Thanks. When you say roundup....do you mean as in non selective? Or can I use a crabgrass treatment like quinclorac? Have all this new grass there.


----------



## ken-n-nancy (Jul 25, 2017)

MichiganGreen said:


> Thanks. When you say roundup....do you mean as in non selective? Or can I use a crabgrass treatment like quinclorac? Have all this new grass there.


Quackgrass is one of the weeds for which there isn't a good selective herbicide. It also doesn't get eliminated easily by hand-pulling, at quackgrass develops extensive rhizomes beneath the soil that won't get removed when hand-pulling, but will just grow back up into new quackgrass plants in a couple weeks.

I've never had to deal with quackgrass myself, but if the quackgrass-infested area isn't too big, I've heard of folks having success literally "hand-painting" glyphosate using the following technique. (I've not used this approach for quackgrass, but have used it for nutsedge. For nutsedge, though, if the plants are new ones that came in by seed, rather than an established patch, careful hand-pulling works.)
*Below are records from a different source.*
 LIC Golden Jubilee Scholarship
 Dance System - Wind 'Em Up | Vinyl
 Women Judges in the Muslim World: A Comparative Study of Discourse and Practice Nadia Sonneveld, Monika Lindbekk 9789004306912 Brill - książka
Since the quackgrass grows faster, wait a few days since the prior mowing (basically, just before you're about to mow the good grass. The quackgrass will then be a couple inches taller than the good turf.
Put on some chemical-proof gloves, and then on one hand, right over the top of the chemical-proof glove, put on a thin absorbent glove.
Put a small amount of mixed (properly diluted) glyphosate in the bottom of a bucket. Choose a bucket that you can hold with your one-glove hand, and reach into with the double-gloved hand without having any danger of spilling the bucket.
Dip just the fingertips of your double-gloved hand into the mixed (diluted) glyphosate solution. The goal is to have the absorbent glove be moistened but not soaked. You don't want the glove to be actually dripping, just well moistened.
Use the moistened, double-gloved hand to "paint" the leaves of the quack grass. You only need to paint the couple inches of quackgrass blades that are up above the good grass. In this way, it's pretty easy to quickly moisten only the quackgrass with getting glyphosate on the good grass. I find it easiest to just lightly squeeze the blades of weedy grass between your thumb and a couple fingers and then pull one's hand upwards, letting the blade of weedy grass slide between your fingers in the process. This deposits glyphosate on that plant.
Have a plan of where you're going to walk when doing this, so that you don't have to walk through painted quackgrass (or you'll get the solution on your shoes, and then on the good grass).
After painting all the quackgrass, carefully rinse out the glyphosate-wettened glove so that it is no longer full of glyphosate. Do this while still wearing the chemical-proof gloves. As a bonus, doing this will also clean off the chemical-proof gloves too, while you're at it. By the way, make sure the rinsate isn't going on to your lawn. If you have an area of crushed rock on your property where you don't want any plants growing, that's a great place to do this.
Wait until at least the next day or two before mowing. The quackgrass won't yet look like it's being affected, but by then, the glyphosate will have translocated to the rest of the plant and it's pretty much doomed, even if you mow off the "painted" portion.


----------



## Grasshopper (Nov 12, 2017)

MichiganGreen said:


> MichiganGreen said:
> 
> 
> > This is the trouble area where we had a large tree removed ... past few days I've noticed him this in here more and more. Very bright green, strong looking stuff. What is it and how to treat?
> ...


Yes, non selective.

It does look a lot like the quack patches i had. If it is (check for clasping auricles & tough, wiry, white rhizomes) I would nuke it asap. Spent a lot of time and effort battling it this season...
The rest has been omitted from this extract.